In March of this year, British banking giant Standard Chartered conducted a detailed study on the correlation between Bitcoin and the stock market. They found that Bitcoin's correlation with the Nasdaq is currently at 0.5, and earlier this year, this figure even reached 0.8. What do these numbers mean? Simply put, buying Bitcoin today is akin to purchasing a high-volatility tech stock. If tech stocks decline, Bitcoin is likely to drop; if tech stocks rise, Bitcoin is also likely to rise.
This also means that Bitcoin's price movements can no longer be independent of the traditional stock market and are no longer viewed as the best safe-haven asset. Investors must consider more factors when predicting Bitcoin's price trends.
Bitcoin and Gold: A Comparison of Digital Assets and Traditional Safe-Haven Tools
1. Comparison of Safe-Haven Attributes
As a traditional safe-haven asset, gold has long been viewed by investors as a reliable tool for hedging against inflation and economic uncertainty. Its stability and value retention characteristics have established a broad consensus globally.
In contrast, Bitcoin, as an emerging digital asset, still has controversial safe-haven characteristics. Some studies indicate that Bitcoin shows a certain correlation with gold during significant geopolitical or economic events, demonstrating some safe-haven traits. However, due to Bitcoin's price volatility, its stability as a safe-haven asset is far inferior to that of gold.
2. Price Volatility and Market Performance
Bitcoin's high volatility means its price can experience dramatic fluctuations in the short term.
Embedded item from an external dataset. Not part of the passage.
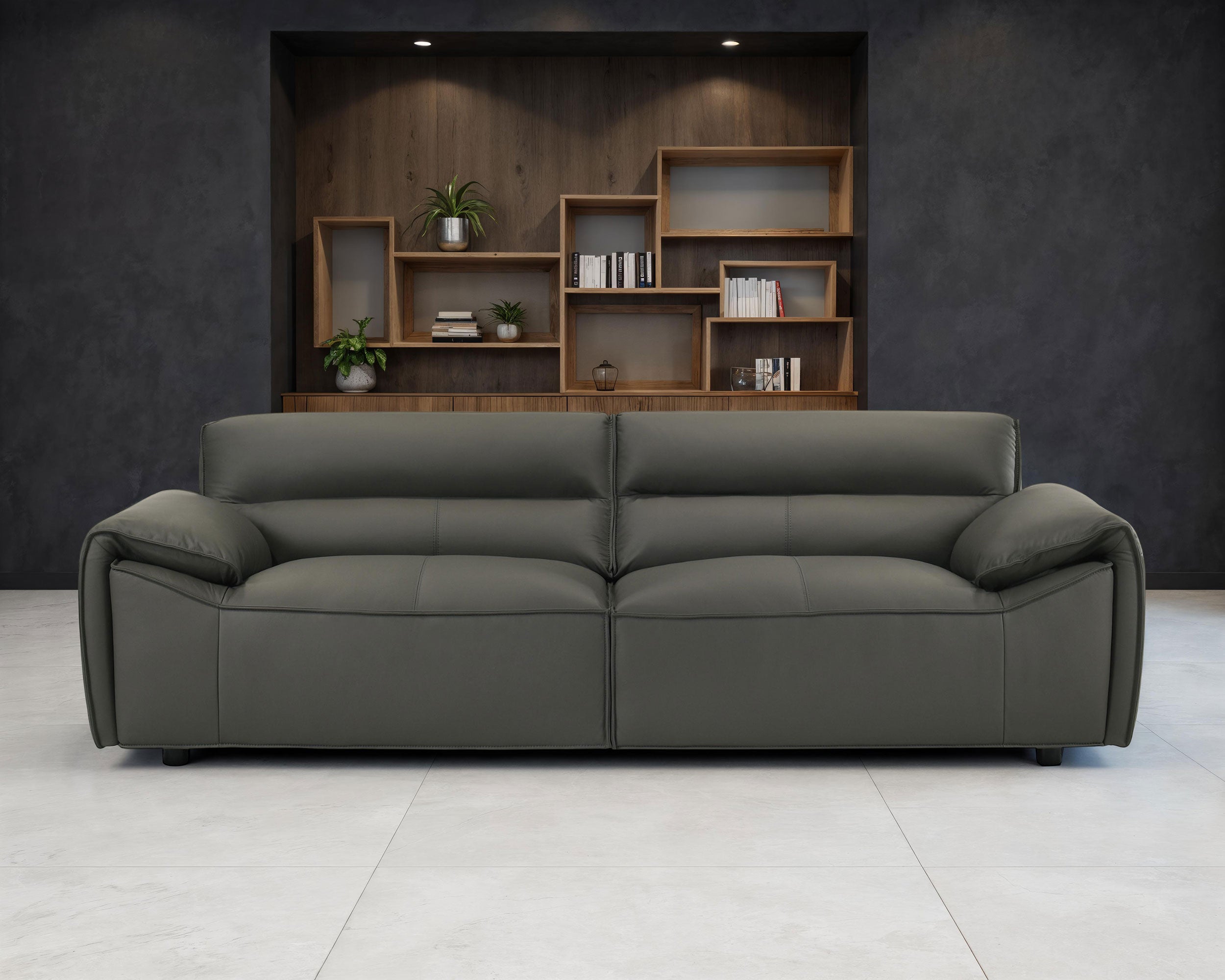 Buxton Sofa - Luxury Home Furniture (MI)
In contrast, gold's volatility is lower, providing a more stable means of value storage.
For example, in 2024, gold prices rose nearly 8%, while Bitcoin fell 24%, reflecting the different responses of these two assets during market turmoil.
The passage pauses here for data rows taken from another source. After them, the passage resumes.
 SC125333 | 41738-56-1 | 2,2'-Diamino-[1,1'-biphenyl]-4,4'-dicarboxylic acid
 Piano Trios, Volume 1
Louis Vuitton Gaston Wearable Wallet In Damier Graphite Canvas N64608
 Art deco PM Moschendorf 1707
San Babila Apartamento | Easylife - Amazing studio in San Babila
3. Market Correlation Analysis
The correlation between Bitcoin and gold is unstable and can change with market conditions.
In June 2024, data showed that the 60-day correlation between the two reached its highest level since 2022, close to 0.5, indicating that their price movements were relatively consistent during this period. In July 2024, this correlation began to weaken, with 30-day and 90-day correlation indicators showing intermittent peaks and troughs, suggesting that the relationship between their price movements has recently diminished.
Considerations for Portfolio Strategy
Given the differences in safe-haven attributes, price volatility, and market correlation between Bitcoin and gold, investors should consider the following factors when formulating their portfolio strategies:
Risk Tolerance: Bitcoin's high volatility may bring high returns but also comes with high risks. Investors should assess their risk tolerance to determine the appropriate proportion of Bitcoin in their portfolio.
Diversification Allocation: Due to the unstable correlation between Bitcoin and gold, including both in a portfolio may help diversify risk and enhance the stability of overall returns.
Market Trend Analysis: Continuously monitoring the market trends of Bitcoin and gold, as well as the macroeconomic factors affecting them, can help investors adjust their strategies in a timely manner.
Conclusion
Although in the investment landscape of 2025, Bitcoin is gradually distancing itself from the "digital gold" label and its safe-haven attributes have weakened, it remains one of the best hedging assets aside from gold and one of the best tools for portfolio diversification.
In simple terms, Bitcoin continues to attract investors seeking rapid growth due to its high volatility and high return potential, despite the accompanying greater risks. On the other hand, gold maintains its position as a value storage asset due to its stability and traditional safe-haven functions. Investors should reasonably allocate these two assets based on their risk tolerance and investment goals to achieve diversification and balance in the complex investment environment of 2025.